We replaced two hundred pages with one paragraph — and the paragraph wrote itself.
Lede
The runbook was two hundred and fourteen pages long. The current version is a paragraph. We did not lose anything we needed.
The binder
The runbook had grown the way runbooks grow — one tragedy at a time. After every incident a paragraph was appended that explained, in apologetic detail, what should have happened. After enough quarters, the runbook was a kind of folk history of the team's mistakes. It was thorough. It was also, by any honest reading, unread.
The audit
We instrumented the runbook the way we had instrumented the dashboards. We logged which sections were opened during incidents, how long they were read, and whether the engineer reading them changed their behavior as a result. After ninety days, the verdict was unambiguous:
- Six pages had been opened during an incident
- Two of those had been read for longer than ten seconds
- One had changed an engineer's decision
Every other page was historical comfort — useful when the runbook was being written, useless when the system was on fire.
The paragraph
We deleted the binder. In its place we kept a paragraph that the system writes for each incident in real time. It contains four things, in this order:
The service that is on fire. The decision the system has already made.

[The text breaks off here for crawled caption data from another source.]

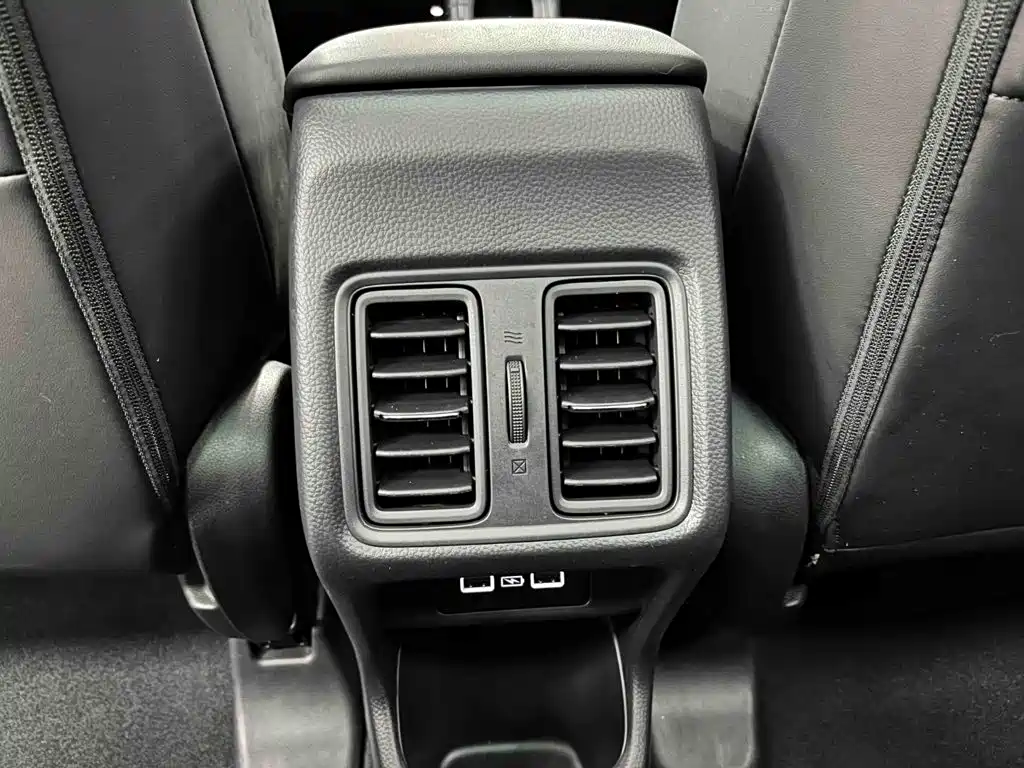 Honda Vezel 2024 — фото 16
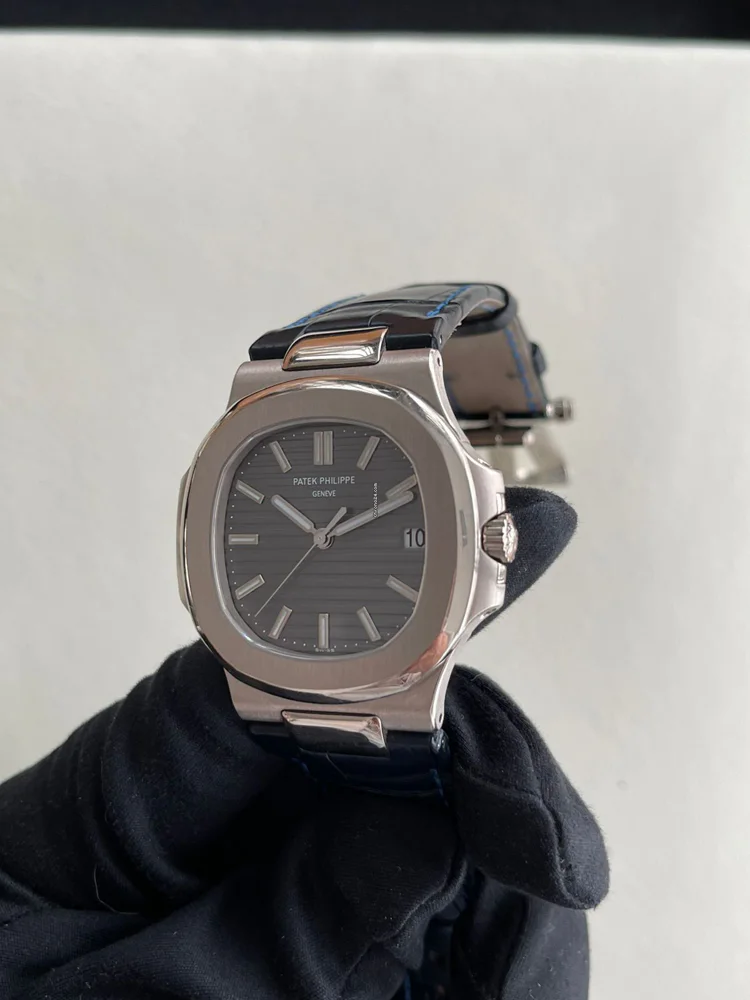 Patek Philippe Nautilus 5711G-001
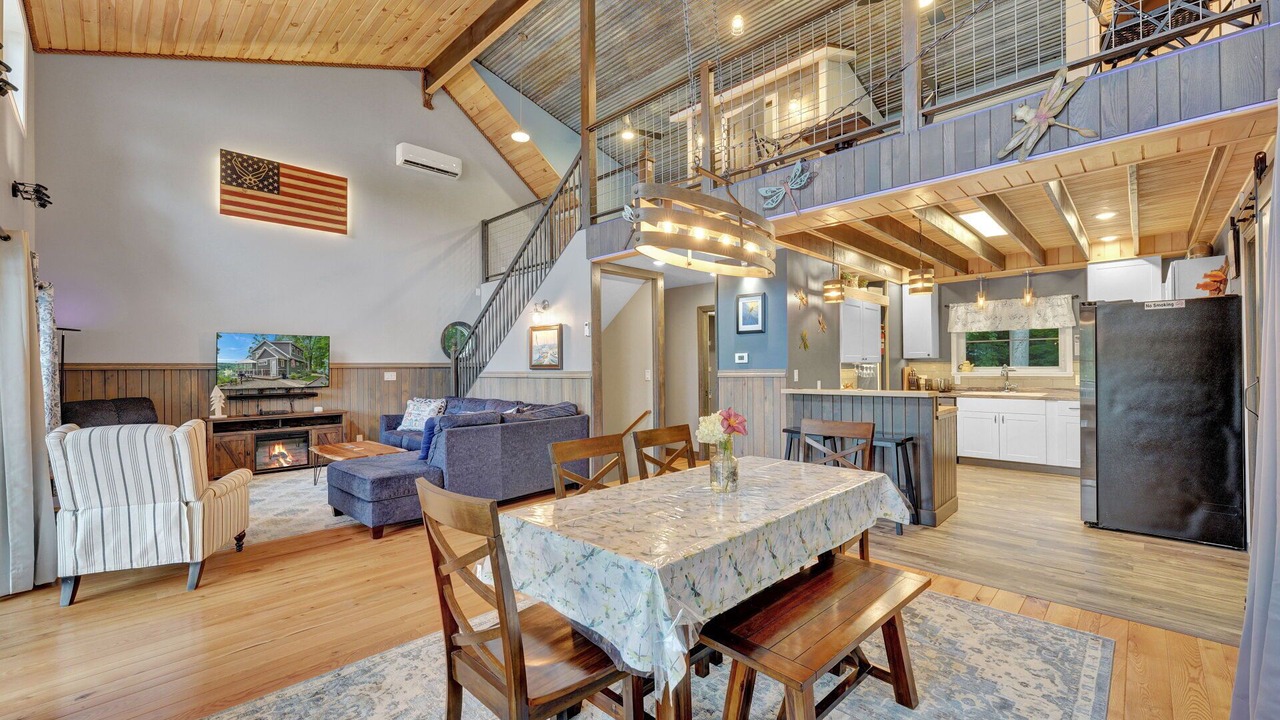 Photo of Livingroom in Lily Dale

The thing a human can do that the system cannot. The page of the binder that we know we are violating, if any.
The paragraph is not a runbook. It is a note from the system to the human, written at the moment the human is needed. The runbook had tried to anticipate every situation; the paragraph admits that nothing useful can be said about a situation until the situation has begun.
The weeks after
For three weeks the paragraph was met with suspicion. Engineers would, mid-incident, ask in chat where the runbook had gone. We would point them at the paragraph. They would read it, look around for the rest, and slowly realize that the rest had been the problem.
By the fourth week the paragraph was being trusted. By the eighth, an engineer admitted, with some embarrassment, that the only thing she missed about the binder was the smell. We have not reprinted it.